- _WHAT IS REQUIRED_
Return the listing in full. Keep every word as it stands.

- _DATA IN THIS EXERCISE_
[Start of Attachment]

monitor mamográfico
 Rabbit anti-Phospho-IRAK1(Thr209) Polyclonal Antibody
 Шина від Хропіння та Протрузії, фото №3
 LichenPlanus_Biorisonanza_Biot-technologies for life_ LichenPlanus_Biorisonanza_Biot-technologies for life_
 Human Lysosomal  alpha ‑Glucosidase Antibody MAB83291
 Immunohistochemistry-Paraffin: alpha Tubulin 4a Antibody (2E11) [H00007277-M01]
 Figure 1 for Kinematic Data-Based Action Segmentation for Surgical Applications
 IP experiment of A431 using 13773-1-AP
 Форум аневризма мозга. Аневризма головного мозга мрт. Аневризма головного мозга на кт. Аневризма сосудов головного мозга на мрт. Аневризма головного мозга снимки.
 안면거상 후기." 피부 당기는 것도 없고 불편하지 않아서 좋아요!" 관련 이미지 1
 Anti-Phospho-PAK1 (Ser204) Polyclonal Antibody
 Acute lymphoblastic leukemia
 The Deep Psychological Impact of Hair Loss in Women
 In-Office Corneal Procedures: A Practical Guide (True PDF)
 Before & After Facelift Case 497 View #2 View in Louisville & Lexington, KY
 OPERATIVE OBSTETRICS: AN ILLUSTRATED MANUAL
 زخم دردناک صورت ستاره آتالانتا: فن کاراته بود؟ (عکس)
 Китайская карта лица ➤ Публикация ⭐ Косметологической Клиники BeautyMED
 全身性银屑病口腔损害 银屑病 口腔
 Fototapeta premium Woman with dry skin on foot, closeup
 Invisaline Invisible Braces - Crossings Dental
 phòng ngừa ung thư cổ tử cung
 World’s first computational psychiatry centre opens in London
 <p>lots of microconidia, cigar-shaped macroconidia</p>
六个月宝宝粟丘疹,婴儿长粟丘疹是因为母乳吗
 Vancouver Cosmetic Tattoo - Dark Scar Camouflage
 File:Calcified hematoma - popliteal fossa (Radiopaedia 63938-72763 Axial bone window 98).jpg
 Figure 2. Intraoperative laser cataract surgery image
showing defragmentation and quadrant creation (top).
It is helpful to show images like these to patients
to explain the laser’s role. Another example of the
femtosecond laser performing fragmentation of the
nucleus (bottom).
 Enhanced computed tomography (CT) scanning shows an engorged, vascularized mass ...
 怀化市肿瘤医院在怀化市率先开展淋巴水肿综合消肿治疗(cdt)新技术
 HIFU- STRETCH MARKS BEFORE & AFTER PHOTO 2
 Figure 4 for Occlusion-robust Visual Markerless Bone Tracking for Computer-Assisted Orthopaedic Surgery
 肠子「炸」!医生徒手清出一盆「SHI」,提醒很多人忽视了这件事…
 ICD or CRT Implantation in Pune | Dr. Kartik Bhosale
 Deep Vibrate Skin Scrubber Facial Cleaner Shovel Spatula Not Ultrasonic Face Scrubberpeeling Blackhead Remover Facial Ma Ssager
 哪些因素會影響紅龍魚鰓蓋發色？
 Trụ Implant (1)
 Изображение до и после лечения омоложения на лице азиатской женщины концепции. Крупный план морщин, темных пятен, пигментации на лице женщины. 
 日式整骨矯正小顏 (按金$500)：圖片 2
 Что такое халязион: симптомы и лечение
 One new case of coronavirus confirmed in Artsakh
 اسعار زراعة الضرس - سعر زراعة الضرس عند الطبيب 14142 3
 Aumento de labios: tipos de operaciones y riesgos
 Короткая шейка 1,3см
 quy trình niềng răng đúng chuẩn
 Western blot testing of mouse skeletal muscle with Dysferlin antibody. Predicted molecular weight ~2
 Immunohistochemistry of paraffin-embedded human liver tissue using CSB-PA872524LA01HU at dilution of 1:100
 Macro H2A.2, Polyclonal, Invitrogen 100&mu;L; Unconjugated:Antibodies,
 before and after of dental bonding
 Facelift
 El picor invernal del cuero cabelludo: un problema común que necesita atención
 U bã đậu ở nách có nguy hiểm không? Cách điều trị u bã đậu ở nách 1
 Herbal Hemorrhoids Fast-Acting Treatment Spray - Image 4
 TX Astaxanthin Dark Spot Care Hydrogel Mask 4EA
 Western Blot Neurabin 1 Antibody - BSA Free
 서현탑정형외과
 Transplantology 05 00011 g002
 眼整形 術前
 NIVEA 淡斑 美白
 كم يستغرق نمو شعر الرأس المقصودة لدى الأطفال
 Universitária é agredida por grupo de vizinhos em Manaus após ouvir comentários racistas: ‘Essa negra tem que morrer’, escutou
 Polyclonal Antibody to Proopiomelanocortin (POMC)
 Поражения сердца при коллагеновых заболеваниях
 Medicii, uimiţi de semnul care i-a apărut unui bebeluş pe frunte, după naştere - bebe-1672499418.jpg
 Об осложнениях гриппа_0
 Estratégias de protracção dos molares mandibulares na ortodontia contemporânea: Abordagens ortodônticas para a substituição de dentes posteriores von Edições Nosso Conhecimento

[End of Attachment]

- _RESULT_
monitor mamográfico
 Rabbit anti-Phospho-IRAK1(Thr209) Polyclonal Antibody
 Шина від Хропіння та Протрузії, фото №3
 LichenPlanus_Biorisonanza_Biot-technologies for life_ LichenPlanus_Biorisonanza_Biot-technologies for life_
 Human Lysosomal  alpha ‑Glucosidase Antibody MAB83291
 Immunohistochemistry-Paraffin: alpha Tubulin 4a Antibody (2E11) [H00007277-M01]
 Figure 1 for Kinematic Data-Based Action Segmentation for Surgical Applications
 IP experiment of A431 using 13773-1-AP
 Форум аневризма мозга. Аневризма головного мозга мрт. Аневризма головного мозга на кт. Аневризма сосудов головного мозга на мрт. Аневризма головного мозга снимки.
 안면거상 후기." 피부 당기는 것도 없고 불편하지 않아서 좋아요!" 관련 이미지 1
 Anti-Phospho-PAK1 (Ser204) Polyclonal Antibody
 Acute lymphoblastic leukemia
 The Deep Psychological Impact of Hair Loss in Women
 In-Office Corneal Procedures: A Practical Guide (True PDF)
 Before & After Facelift Case 497 View #2 View in Louisville & Lexington, KY
 OPERATIVE OBSTETRICS: AN ILLUSTRATED MANUAL
 زخم دردناک صورت ستاره آتالانتا: فن کاراته بود؟ (عکس)
 Китайская карта лица ➤ Публикация ⭐ Косметологической Клиники BeautyMED
 全身性银屑病口腔损害 银屑病 口腔
 Fototapeta premium Woman with dry skin on foot, closeup
 Invisaline Invisible Braces - Crossings Dental
 phòng ngừa ung thư cổ tử cung
 World’s first computational psychiatry centre opens in London
 <p>lots of microconidia, cigar-shaped macroconidia</p>
六个月宝宝粟丘疹,婴儿长粟丘疹是因为母乳吗
 Vancouver Cosmetic Tattoo - Dark Scar Camouflage
 File:Calcified hematoma - popliteal fossa (Radiopaedia 63938-72763 Axial bone window 98).jpg
 Figure 2. Intraoperative laser cataract surgery image
showing defragmentation and quadrant creation (top).
It is helpful to show images like these to patients
to explain the laser’s role. Another example of the
femtosecond laser performing fragmentation of the
nucleus (bottom).
 Enhanced computed tomography (CT) scanning shows an engorged, vascularized mass ...
 怀化市肿瘤医院在怀化市率先开展淋巴水肿综合消肿治疗(cdt)新技术
 HIFU- STRETCH MARKS BEFORE & AFTER PHOTO 2
 Figure 4 for Occlusion-robust Visual Markerless Bone Tracking for Computer-Assisted Orthopaedic Surgery
 肠子「炸」!医生徒手清出一盆「SHI」,提醒很多人忽视了这件事…
 ICD or CRT Implantation in Pune | Dr. Kartik Bhosale
 Deep Vibrate Skin Scrubber Facial Cleaner Shovel Spatula Not Ultrasonic Face Scrubberpeeling Blackhead Remover Facial Ma Ssager
 哪些因素會影響紅龍魚鰓蓋發色？
 Trụ Implant (1)
 Изображение до и после лечения омоложения на лице азиатской женщины концепции. Крупный план морщин, темных пятен, пигментации на лице женщины. 
 日式整骨矯正小顏 (按金$500)：圖片 2
 Что такое халязион: симптомы и лечение
 One new case of coronavirus confirmed in Artsakh
 اسعار زراعة الضرس - سعر زراعة الضرس عند الطبيب 14142 3
 Aumento de labios: tipos de operaciones y riesgos
 Короткая шейка 1,3см
 quy trình niềng răng đúng chuẩn
 Western blot testing of mouse skeletal muscle with Dysferlin antibody. Predicted molecular weight ~2
 Immunohistochemistry of paraffin-embedded human liver tissue using CSB-PA872524LA01HU at dilution of 1:100
 Macro H2A.2, Polyclonal, Invitrogen 100&mu;L; Unconjugated:Antibodies,
 before and after of dental bonding
 Facelift
 El picor invernal del cuero cabelludo: un problema común que necesita atención
 U bã đậu ở nách có nguy hiểm không? Cách điều trị u bã đậu ở nách 1
 Herbal Hemorrhoids Fast-Acting Treatment Spray - Image 4
 TX Astaxanthin Dark Spot Care Hydrogel Mask 4EA
 Western Blot Neurabin 1 Antibody - BSA Free
 서현탑정형외과
 Transplantology 05 00011 g002
 眼整形 術前
 NIVEA 淡斑 美白
 كم يستغرق نمو شعر الرأس المقصودة لدى الأطفال
 Universitária é agredida por grupo de vizinhos em Manaus após ouvir comentários racistas: ‘Essa negra tem que morrer’, escutou
 Polyclonal Antibody to Proopiomelanocortin (POMC)
 Поражения сердца при коллагеновых заболеваниях
 Medicii, uimiţi de semnul care i-a apărut unui bebeluş pe frunte, după naştere - bebe-1672499418.jpg
 Об осложнениях гриппа_0
 Estratégias de protracção dos molares mandibulares na ortodontia contemporânea: Abordagens ortodônticas para a substituição de dentes posteriores von Edições Nosso Conhecimento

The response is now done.